■ Available records:
******************************

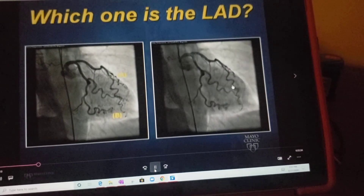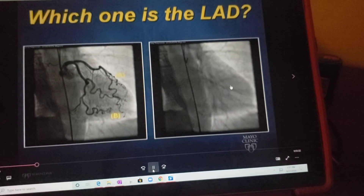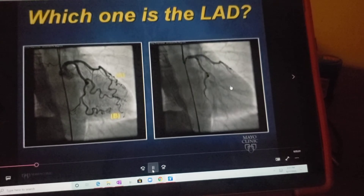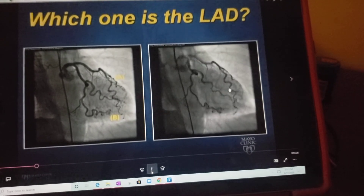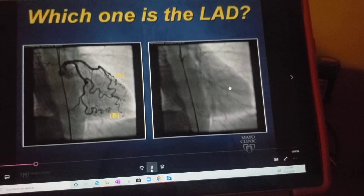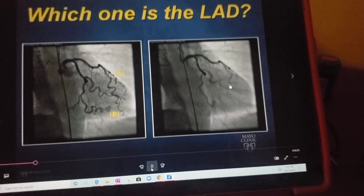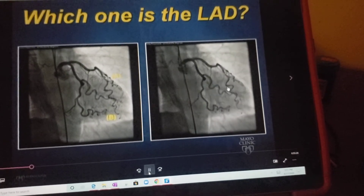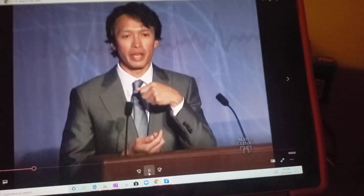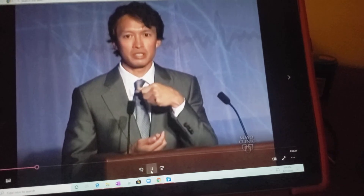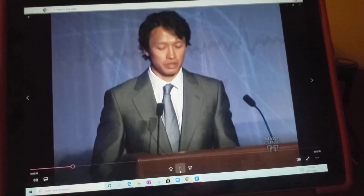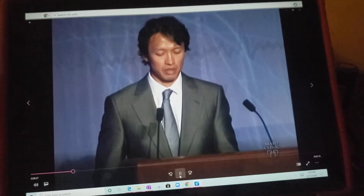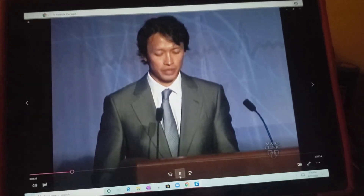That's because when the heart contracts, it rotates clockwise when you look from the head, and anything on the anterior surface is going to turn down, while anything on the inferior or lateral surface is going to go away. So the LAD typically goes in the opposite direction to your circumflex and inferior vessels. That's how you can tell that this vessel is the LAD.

******************************

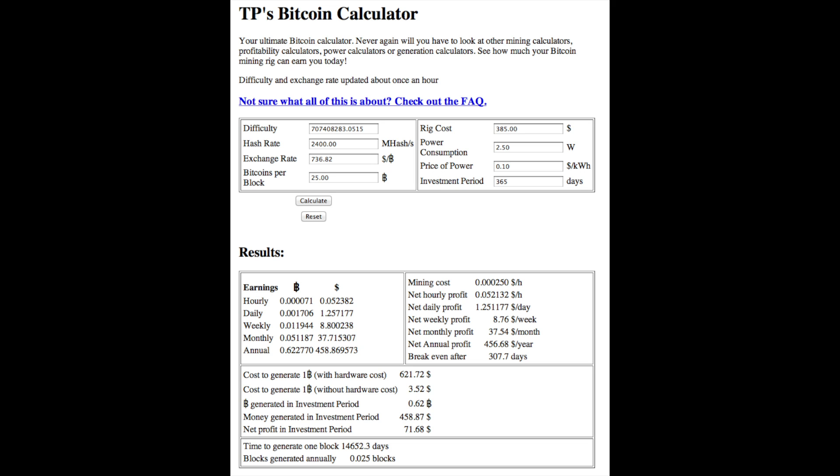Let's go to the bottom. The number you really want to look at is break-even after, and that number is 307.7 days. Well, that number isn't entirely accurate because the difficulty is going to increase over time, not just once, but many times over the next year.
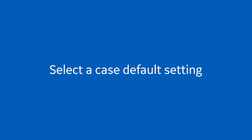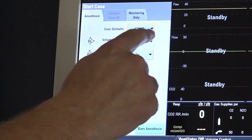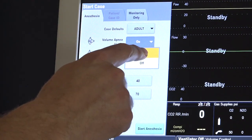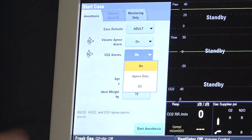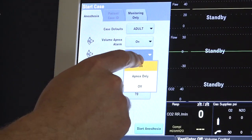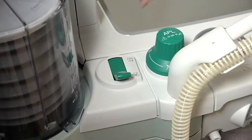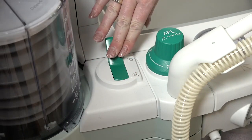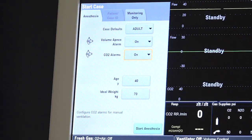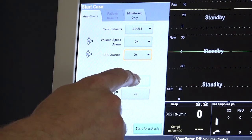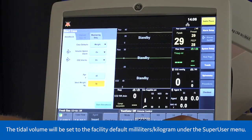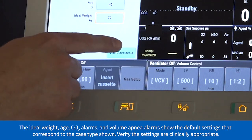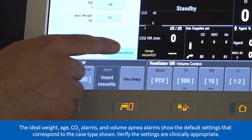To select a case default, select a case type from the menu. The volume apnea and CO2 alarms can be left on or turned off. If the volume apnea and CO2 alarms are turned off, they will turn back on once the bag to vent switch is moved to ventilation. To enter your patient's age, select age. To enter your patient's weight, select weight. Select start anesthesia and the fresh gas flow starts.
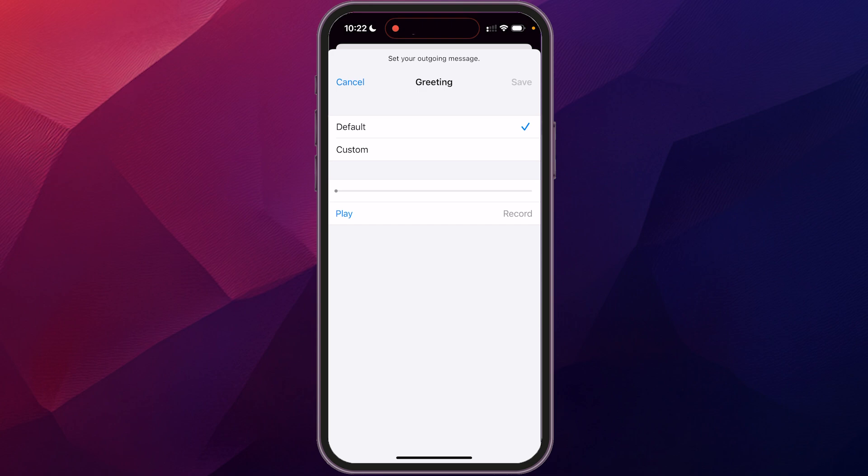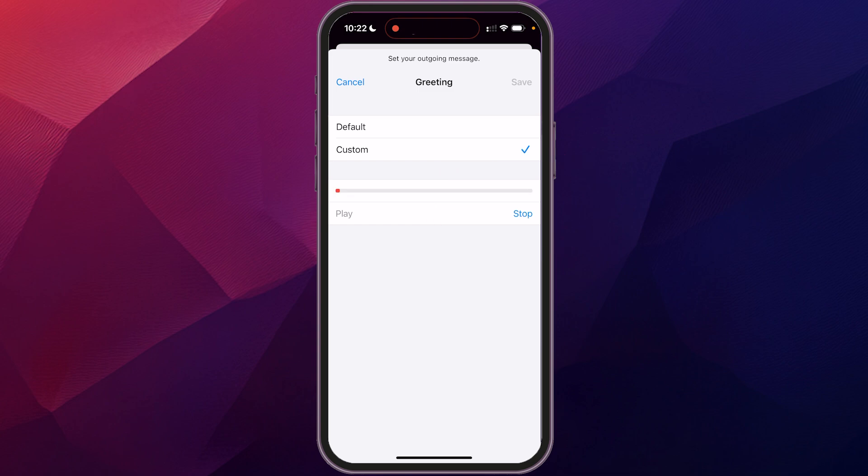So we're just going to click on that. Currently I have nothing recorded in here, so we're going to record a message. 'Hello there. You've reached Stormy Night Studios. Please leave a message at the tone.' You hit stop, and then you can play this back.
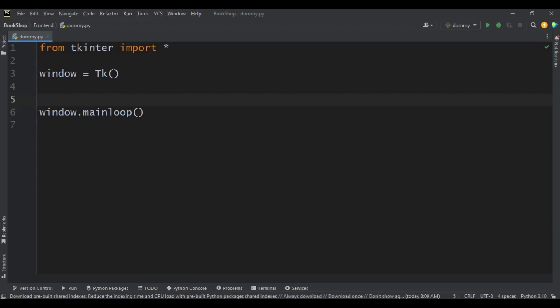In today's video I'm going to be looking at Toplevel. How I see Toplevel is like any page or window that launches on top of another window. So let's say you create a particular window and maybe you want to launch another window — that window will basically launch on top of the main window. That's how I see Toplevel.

******************************

■ To do:
Give again, exactly as written above, every line from the one holding "Let's go to" to the one holding "So we're just", with both ends kept and the pictures left out.

■ Solved exercise:
Let's go to the bottom. The number you really want to look at is break-even after, and that number is 307.7 days. Well, that number isn't entirely accurate because the difficulty is going to increase over time, not just once, but many times over the next year.
To select a case default, select a case type from the menu. The volume apnea and CO2 alarms can be left on or turned off. If the volume apnea and CO2 alarms are turned off, they will turn back on once the bag to vent switch is moved to ventilation. To enter your patient's age, select age. To enter your patient's weight, select weight. Select start anesthesia and the fresh gas flow starts.
So we're just going to click on that. Currently I have nothing recorded in here, so we're going to record a message. 'Hello there. You've reached Stormy Night Studios. Please leave a message at the tone.' You hit stop, and then you can play this back.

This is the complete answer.